Only the lines from the one bearing "Beautiful wooden necklace." through the end of the listing belong in your response, restated word for word and without pictures.

*** Information shown ***

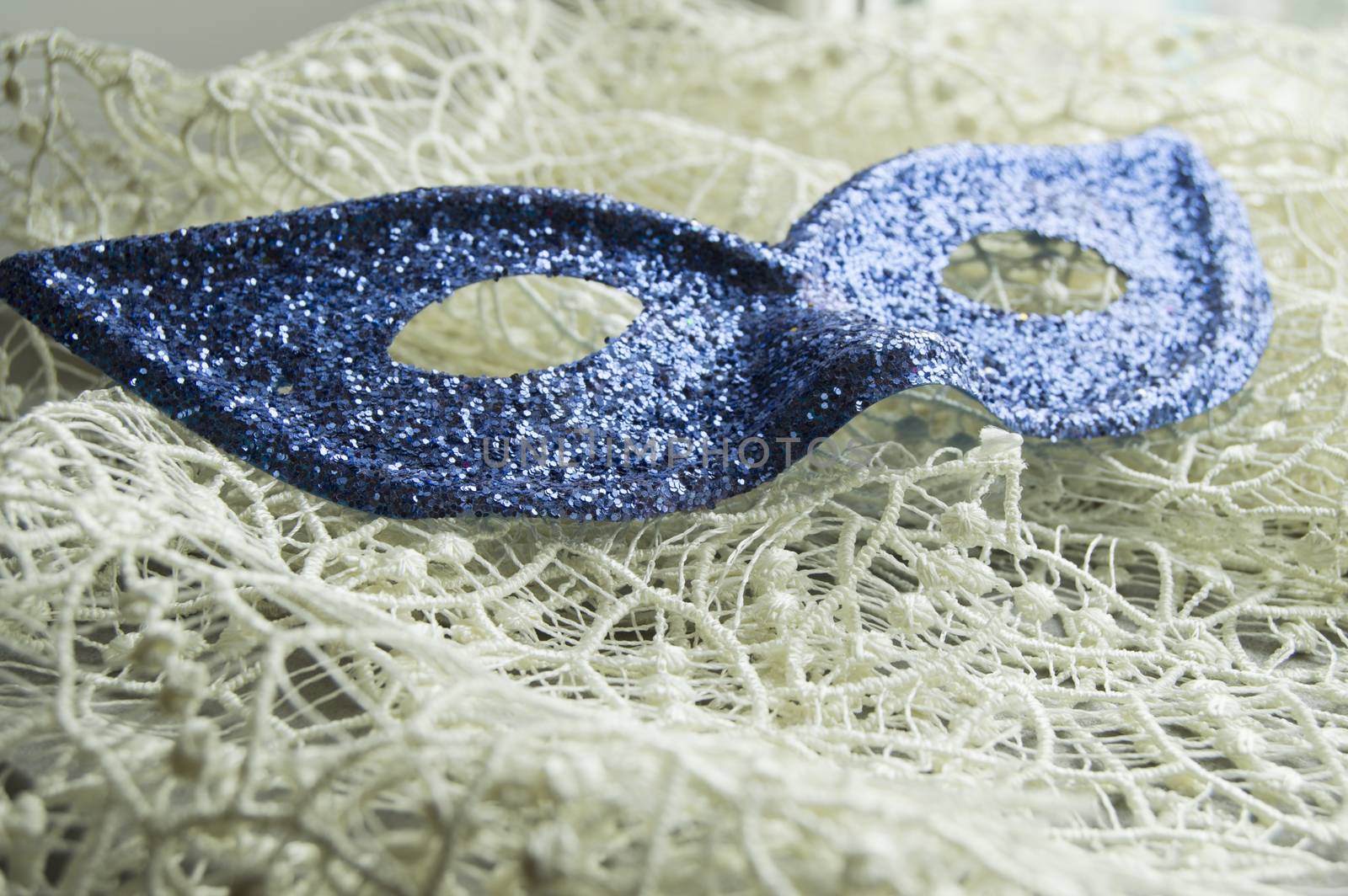 Brilliant blue carnival mask lies on beautiful lace. Fashion background.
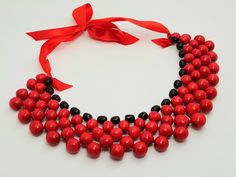 Beautiful wooden necklace. A wonderful accessory for the bride or bridesmaids or girls. Made of high quality materials, The perfect accessory and gift for any woman Handmade Color: red Wooden Beads Necklace Gift, Wooden Beads Round Necklace As Gift, Gift Wooden Beaded Round Necklace, Handmade Red Bib Necklace For Party, Elegant Party Necklace With Wooden Beads, Red Bib Necklace As Gift, Adjustable Red Necklaces For Wedding, Adjustable Red Necklace For Wedding, Red Wooden Bead Necklace As Gift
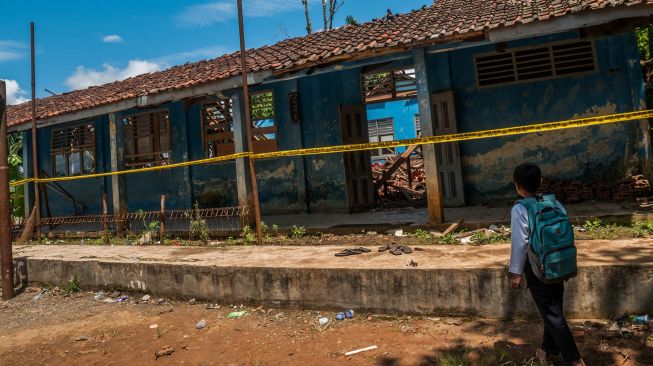 Seorang murid melihat atap gedung sekolah yang ambruk di SMP Negeri 1 Cibeber, Lebak, Banten, Kamis (25/11/2021).  ANTARA FOTO/Muhammad Bagus Khoirunas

*** End of Information shown ***

### Exercise answer:
 Beautiful wooden necklace. A wonderful accessory for the bride or bridesmaids or girls. Made of high quality materials, The perfect accessory and gift for any woman Handmade Color: red Wooden Beads Necklace Gift, Wooden Beads Round Necklace As Gift, Gift Wooden Beaded Round Necklace, Handmade Red Bib Necklace For Party, Elegant Party Necklace With Wooden Beads, Red Bib Necklace As Gift, Adjustable Red Necklaces For Wedding, Adjustable Red Necklace For Wedding, Red Wooden Bead Necklace As Gift
 Seorang murid melihat atap gedung sekolah yang ambruk di SMP Negeri 1 Cibeber, Lebak, Banten, Kamis (25/11/2021).  ANTARA FOTO/Muhammad Bagus Khoirunas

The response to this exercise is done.